A captured planet tends to end up hundreds or thousands of times farther from its star than Earth is from the Sun. It’s also likely to have a, orbit that’s tilted relative to any native planets, and may even revolve around its star backward.

Perets and Kouwenhoven simulated young star clusters containing free-floating planets. They found that if the number of rogue planets equaled the number of stars, then 3 to 6 percent of the stars would grab a planet over time. The more massive a star, the more likely it is to snag a planet drifting by.

While there haven’t actually been planets found yet that are definitely a ‘captured’ world, the best bet would perhaps be a planet in a distant orbit around a low-mass star. The star’s disk wouldn’t contain enough material to form a planet that distant, Perets and Kouwenhoven said.

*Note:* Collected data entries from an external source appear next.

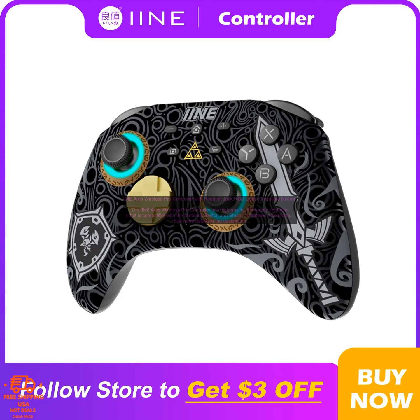The iine Aries Wireless Pro Controller features a headset jack, RGB light, and is compatible with Nintendo Switch and Steam. It is a high quality third-party controller that features a comfortable design and responsive controls.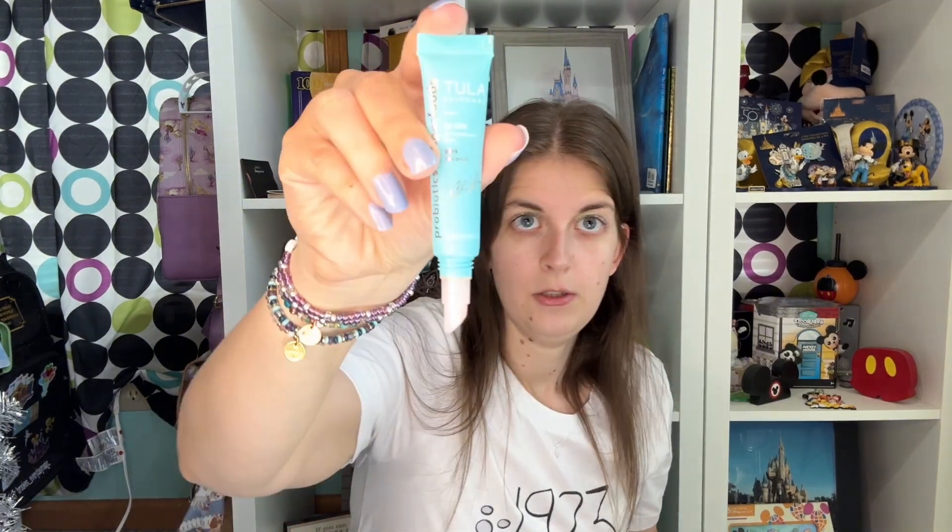Here's the mascara. So I did some Tula eye brightening stuff and then I'm going to use this Tula lip gloss. And that is my makeup for the Disney 100 event tonight.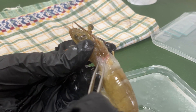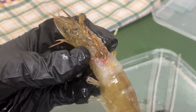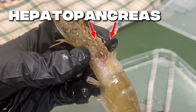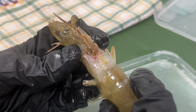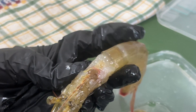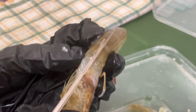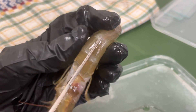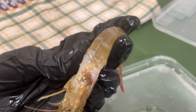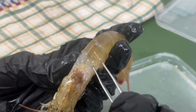This is the hepatopancreas, also called the shrimp liver. It is a yellow-orange paste that aids in digestion and nutrient storage. In cooking, it's often known as shrimp tomalley or shrimp fat for its rich flavor. The hepatopancreas is not only important for digestion in shrimp, it's also considered a delicacy in Chinese cuisine for its rich, creamy flavor.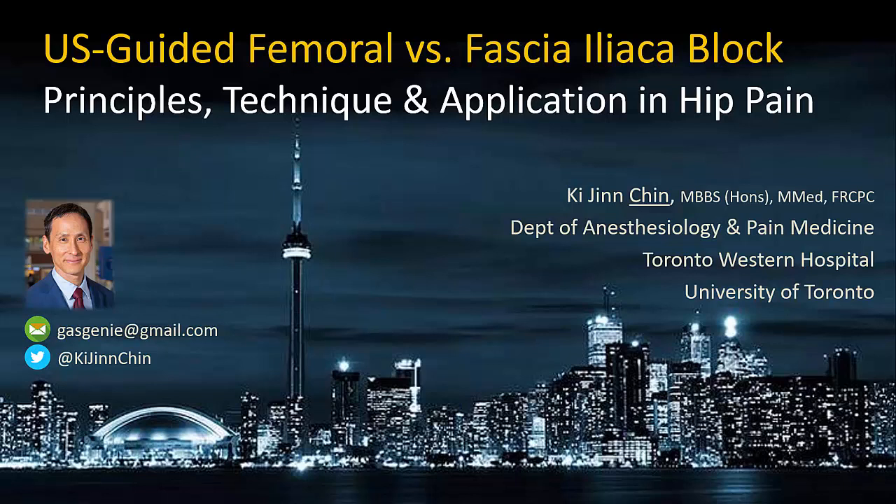This is a complement to my video on the ultrasound guided femoral nerve block, in which I'm going to discuss my take on the ultrasound guided fascia iliaca block. Full disclosure: this very much represents my personal opinion and may be controversial to some. Towards the end, I will briefly discuss considerations to be taken into account when considering regional anesthesia for painful conditions of the hip.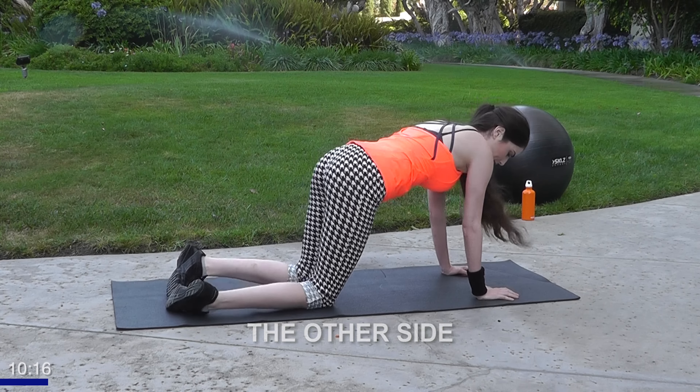Just tap and tap. Nice, slow, and steady. Make sure you make defined movements. You're almost there, guys — give me two more. High and tap — perfect. Moving over.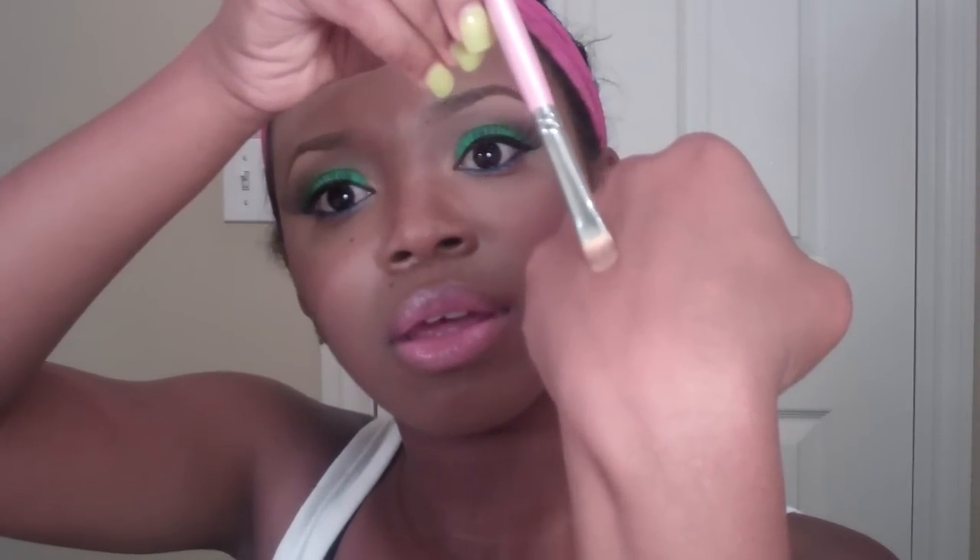So this is a MAC shadow called Wood Winked. I dipped my brush in it and I have a lot of product on there. Now I'm going to spray it with Fix Plus and now it's a wet product. When I put it on my hand, it shows up very, very much more vibrant than it would before — it gives it a foiled look because it's a wet product now.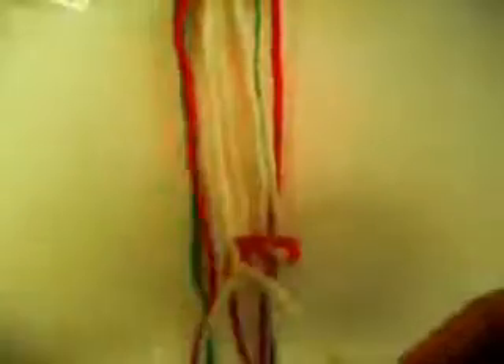We're going to make one knot from left to right once and from right to left once. Now two knots from left to right twice each one. The last one is from right to left once and from left to right once.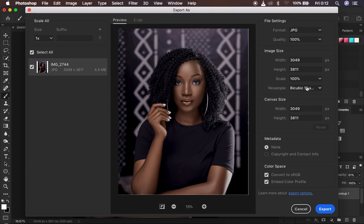Change the Resample tool to Bicubic Sharper because we want Photoshop to slightly sharpen the image at the time of saving. Leave the canvas size the way it is. For Metadata, you can incorporate your information or embed your copyright information within the photo by selecting the second option. In the Color Space section, embed the Color Profile and also Convert to sRGB — meaning this photo is going to contain the colors we color graded within it and also be supported by most devices that use the RGB channel as a preview format. Make sure you check these two options.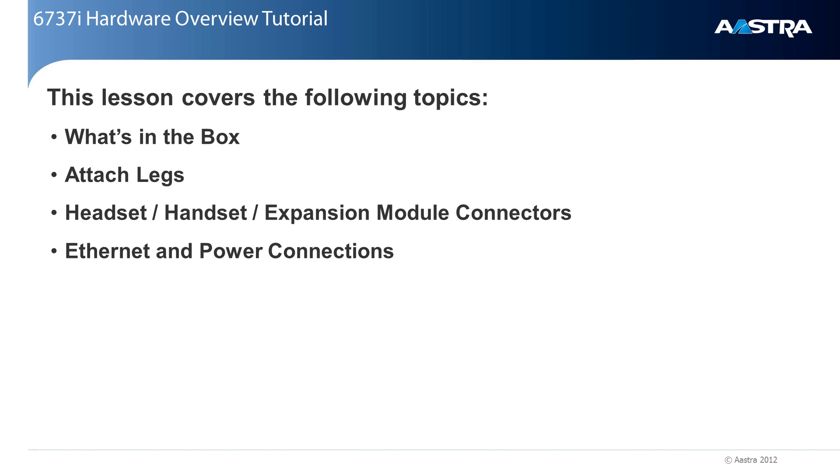In this tutorial, I'll cover the following topics. We'll take a quick look at what's in the box. I'll show you how to attach the telephone base legs. We'll take a look at the bottom of the phone and see where to connect the handset, optional headset, and the location of the expansion module connector. Then I'll show you where to connect the ethernet and power cables.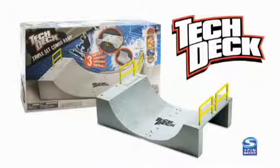TechDeck triple set combo ramp. Three ramps, one set. TechDeck, you can collect the deck.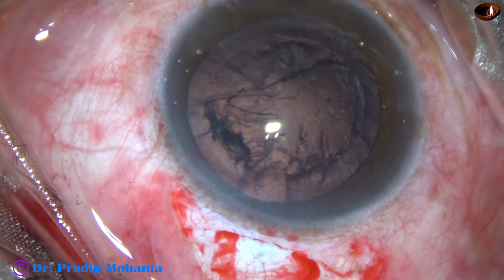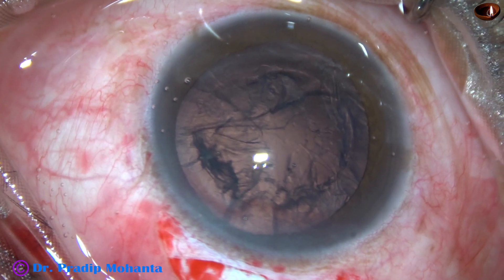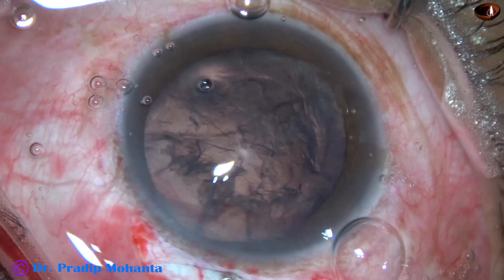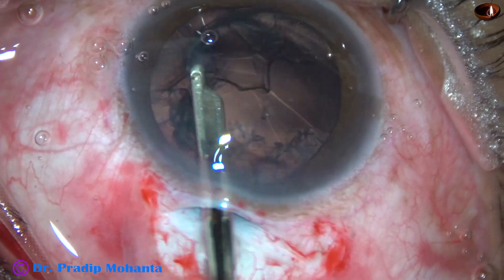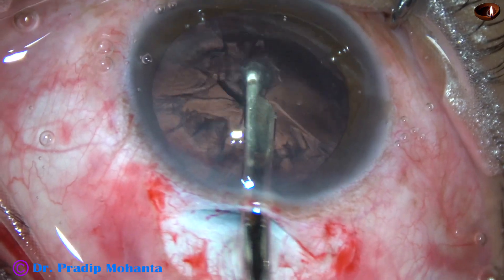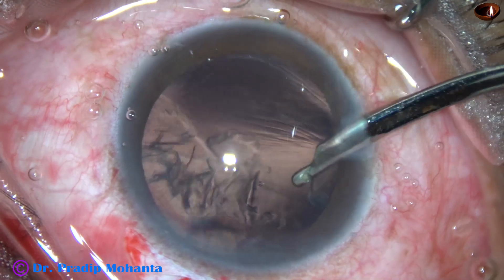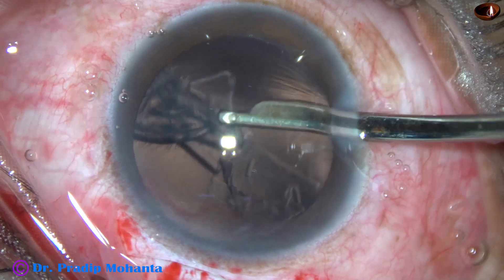Now we have to clean the cortex. Using the 23-gauge Simcoe, cleaning the cortex from the inferior part — from 10 o'clock to 4 o'clock. Going through the side port, the rest of the cortex is removed.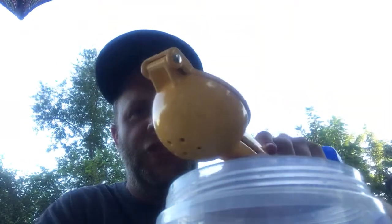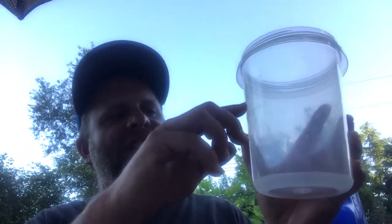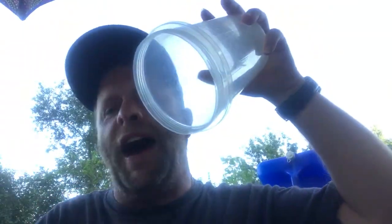Juice the lemon and drop the rind in the shaker cup, then juice the other half and drop that rind in too. Next, scoop ice and fill it up to somewhere between the 16 and 24 ounce mark — about 18 ounces of ice — then fill the rest of the way up to the 24 ounce mark. Put the lid on and shake it for 30 to 40 seconds. The object of shaking is to get the sugar dissolved and mixed in with the rest of the product.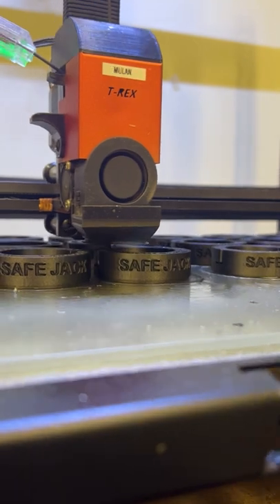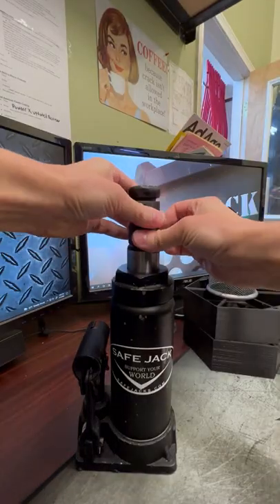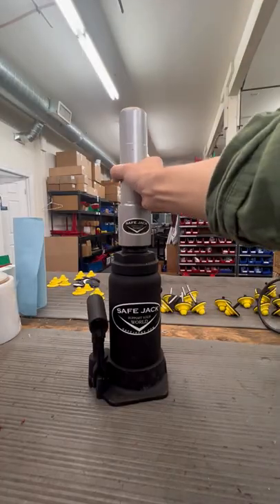Right now we're printing the ESC, which stands for Extension Screw Collar. Its purpose is to wrap around the extension screw of a bottle jack like this, to make a snug fit for these nifty bottle jack extensions.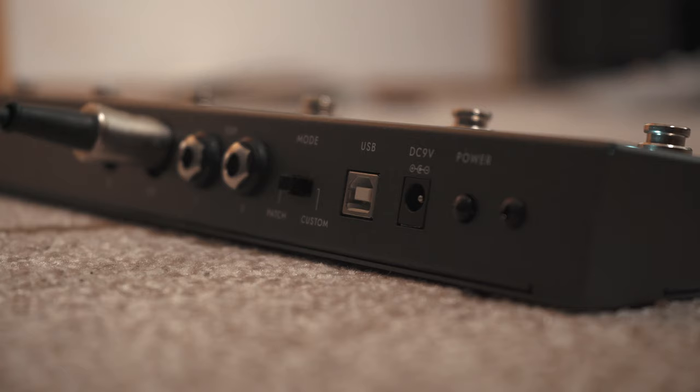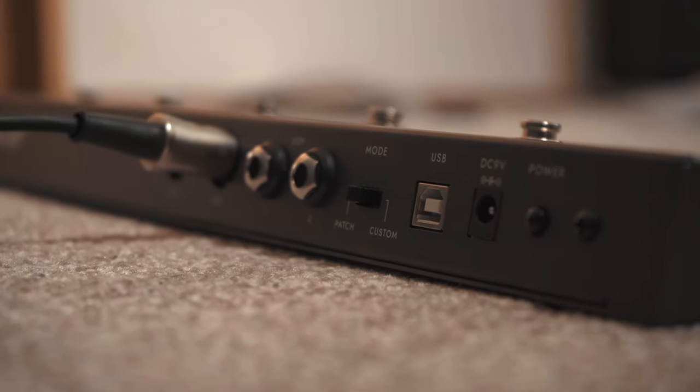Once the LiveLogic is in patch mode, it will automatically be able to switch your pre-saved patches on your Silverline amp.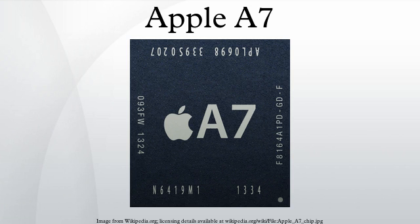The A7 also includes a 4MB L3 cache that services the entire SoC. It includes a new image processor, a feature originally introduced in the A5, used for functionality related to the camera such as image stabilizing, color correction, and light balance.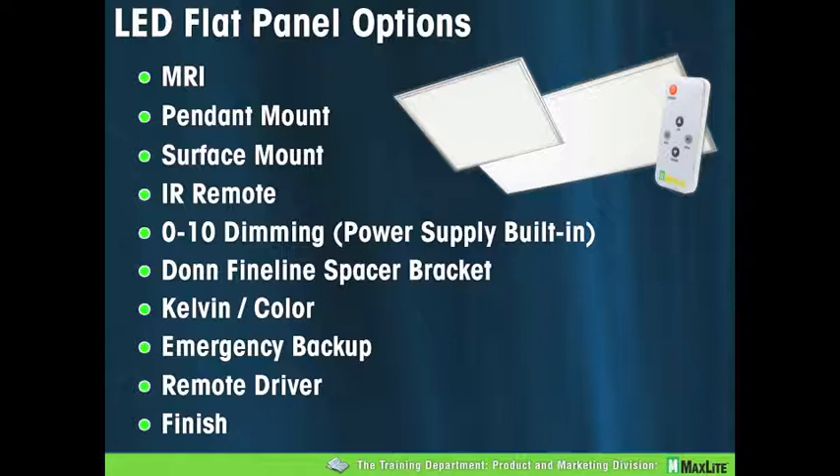The difference between the remote driver and the MRI: when you open the box, they look exactly the same, but the MRI is made with non-ferrous materials. On the finish: we currently have the aluminum frame finish, but we've had some calls for a white finish and are considering switching to white as a standard. Any feedback on that, please send to info@maxlite.com with 'flat panel finish' in the subject line, and those will be forwarded to the product group. In applications where a custom finish is required, we can discuss that as well.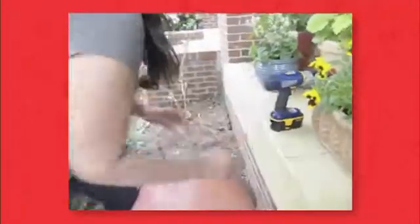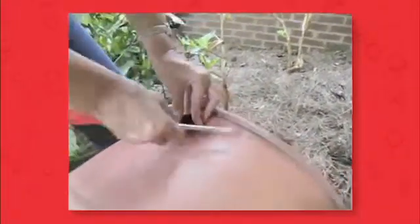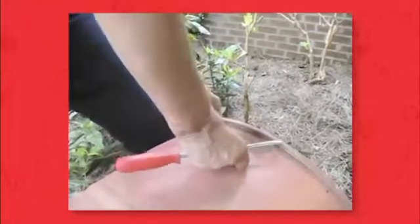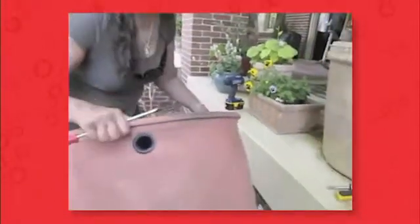Once you have a stable raised base, drill the hole that will deliver the water from the gutter to the drum. This is done with the middle — or 1 and 1/2 inch — drill bit included in your kit. Drill the hole close to the top of the drum to get maximum water storage. Place the rubber fitting in this hole; it may be tight and require you to push the fitting in with a flathead screwdriver.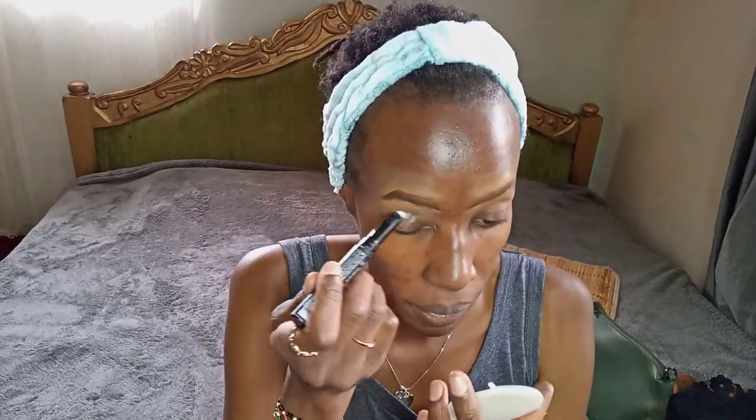My High Definition eyeshadow primer in the shade white — because I'm using super bright colors — I just apply it right there. As I always say, if you're using this LA Girl primer you want to blend really fast because it will end up caking, so I'm just going to blend it quickly.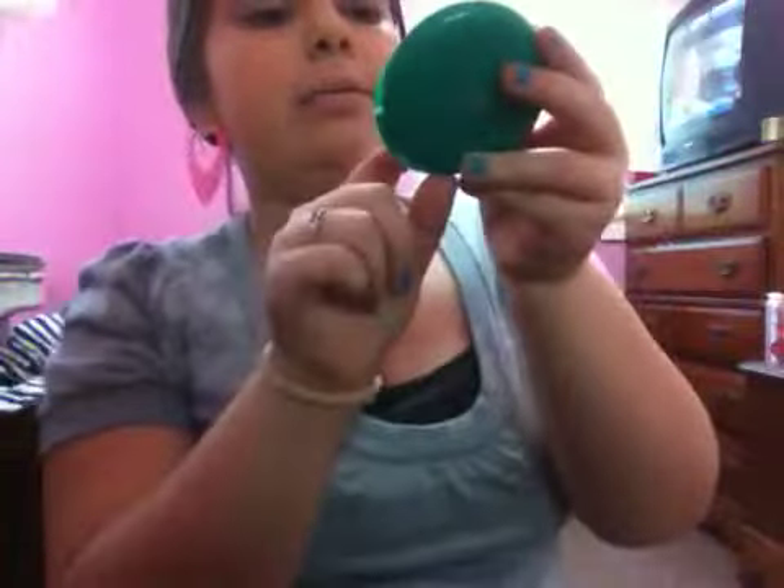Hi guys! So if you cannot tell by my apparel, this is going to be a Valentine's Day makeup tutorial. I've already put on my Maybelline Dream Fresh BB cream in light/medium and my CoverGirl Clean pressed powder in 215 Natural Ivory. So let's get into it.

The best evidence of a captured planet comes from the European Southern Observatory, which announced in 2006 the discovery of two planets (weighing 14 and 7 times Jupiter) orbiting each other without a star.

“The rogue double-planet system is the closest thing we have to a ‘smoking gun’ right now,” said Perets. “To get more proof, we’ll have to build up statistics by studying a lot of planetary systems.”

As for our own solar system, there’s no evidence at this time that our Sun could have captured an alien world, which would lie far beyond Pluto.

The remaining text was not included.